Oxide is the company that wants to offer servers customized for cloud work to everyone. Whether they will actually ship it to you for you to install in your DC or they will have their own DC - remains to be seen.


I'm really curious as to what Oxide's plans are who are they selling servers to – individuals or companies? Is the plan to build your own data center or is it to throw a few of their servers in a collocated spot? Who is the competition, cloud providers, VMWare, something else?

Anyways, good luck at your new job it sounds really exciting!


Even though I am an employee of a so-called “hyper-scale” cloud vendor, I really am rooting for Oxide. There are actually a lot of hard problems in this space, and Oxide are inherently more agile than a big cloud vendor. As long as they focus on problems that aren’t enormous monetary black holes (which I’m assuming would end Oxide), they are making the world a better place. Also very much appreciate the podcast.


@steveklabnik: Just out of curiosity, did it not work out at Cloudflare? Seems like a rather short stint.


Still on very good terms with Cloudflare. It was just over a year.

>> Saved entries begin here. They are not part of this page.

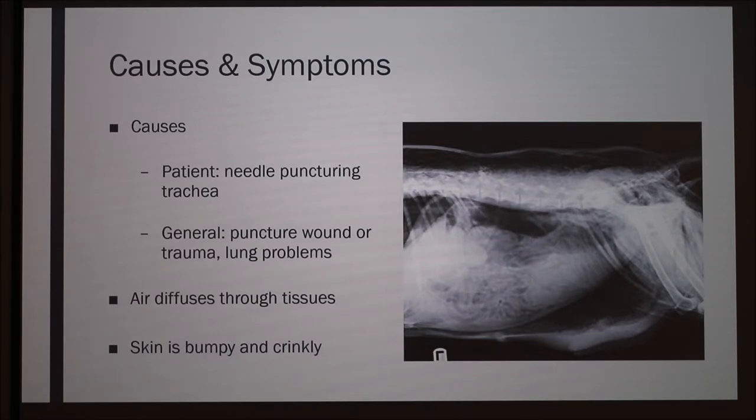This is actually a picture of a pretty severe case. You can see there's a lot more air — it's extended pretty much all the way around the body, all the way back to the tail. It's not just localized to one area like our patient was. When you feel the area where the air is, it can feel bumpy or crinkly. People describe it as feeling like a Rice Krispie Treat. You can also hear crackling if you put a stethoscope up against the area.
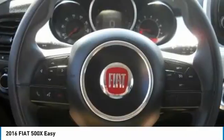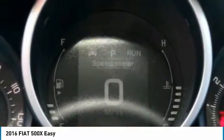This beauty is sure to make you the talk of the neighborhood. So call or drop in for a test drive today.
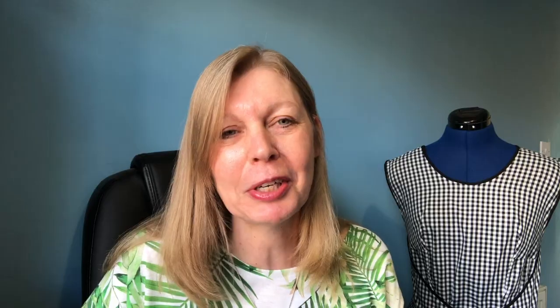Today is my plans video for Sew Frugal 22. Just in case you missed our live Q&A last Friday, I'll give you a quick recap about what Sew Frugal 22 is about. This is a challenge that Ruann and myself set up for the sewing community. Essentially what we're asking you to do is to find a free pattern, sew something from your stash during the month of March, and the reveal date is on the 31st of March. So it's quite simple really.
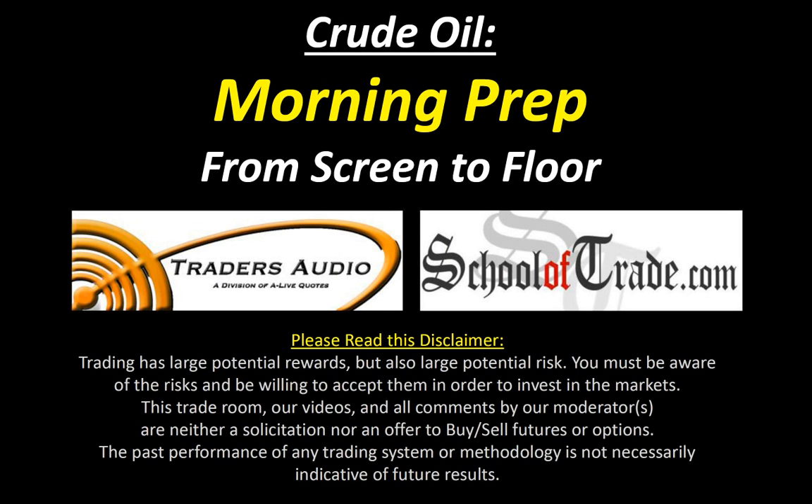It's about that time of day again. Welcome back — 7:35 Eastern Time here. My name is Joseph James from School of Trade. I've got Marty Errico from Traders Audio alongside, and we're going to be doing our crude oil morning prep this morning. We're going from screen to the floor.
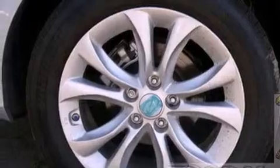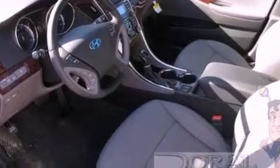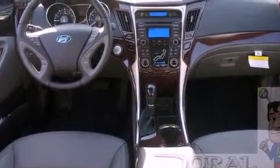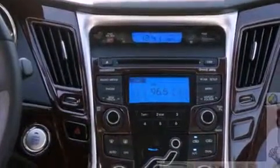The following features are also included: solar control glass, air conditioning with automatic climate control, cruise control, a seven-speaker audio system, leather seats, four-wheel independent suspension, a passenger side vanity mirror, an anti-lock braking system, a split folding rear seat, and aluminum wheels.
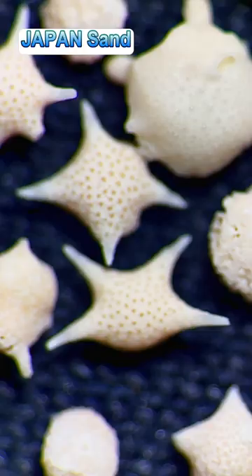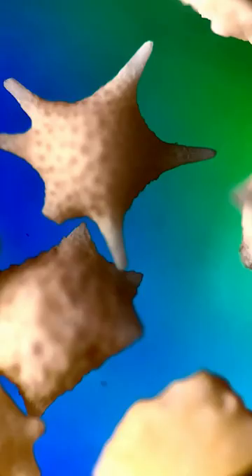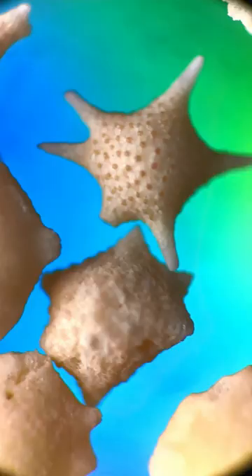These star-shaped grains of sand are remnants of marine protozoa. They date back to over 550 million years old, and they provide a snapshot of what the world was like many years ago.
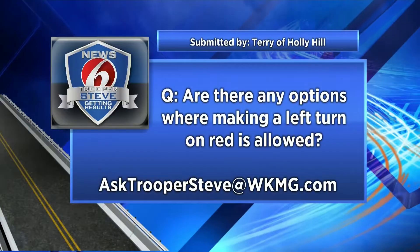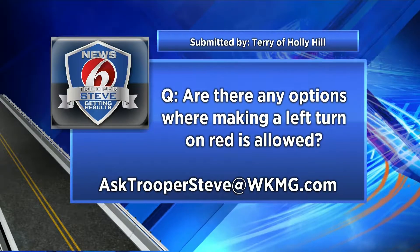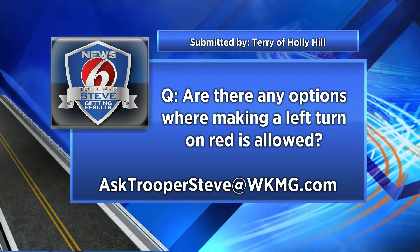It's that time again where we ask Trooper Steve, and today we have a question about red light rules. There are so many rules when it comes to red lights, but this is actually a pretty good one. Terry from Holly Hill asks: are there any options — anything at all — where making a left turn on red is allowed?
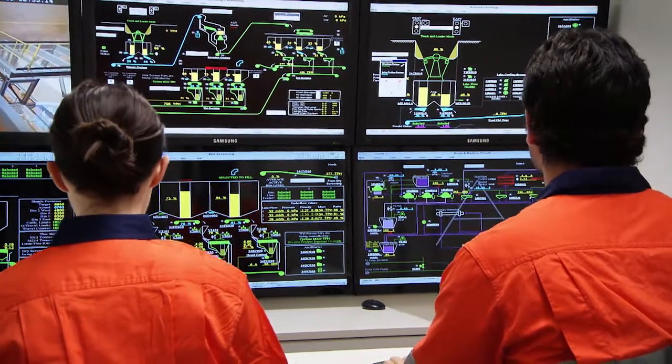Trainers get instant feedback, and they can modify the scenarios if they require. The SCADA interface at Brockman 4 was designed using a concept which was new to the client called ASM. Using simulation through SPOT was invaluable in training the operators on the changes, and making them familiar with the new interface. This training would not have been possible without using a simulated environment.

I am just extremely excited about what Oxide is up to, and wanted to get in on the ground floor. I wasn't actually planning on leaving Cloudflare, just sometimes, opportunities come up and you have to take them. Or at least, in this instance, I decided I wanted to take it.


Wow, congrats!


404


resolves for me by now


I recently re-did my website, and it is a bit fragile in places. Should be all good now!

(I can't wait until Notion releases an official API...)


Yeah, the waiting is killing me.


I'm not interested in the incessant self promotion of a single individual.

What software products have you written from scratch?

Or are you mostly talking and keeping your name in the press.


Why is "from scratch" the determinant of a good engineer? That's a tiny portion of the work, and only a single component of an individual's contribution.


Obviously if you are not writing your programs in binary by manually magnetizing a hard drive, you are not a _real_ engineer.

I personally only use CPUs that I have hand made from the organic metals mined in my backyard.


I cant stop laughing!!! I may die soon! Awesome reply!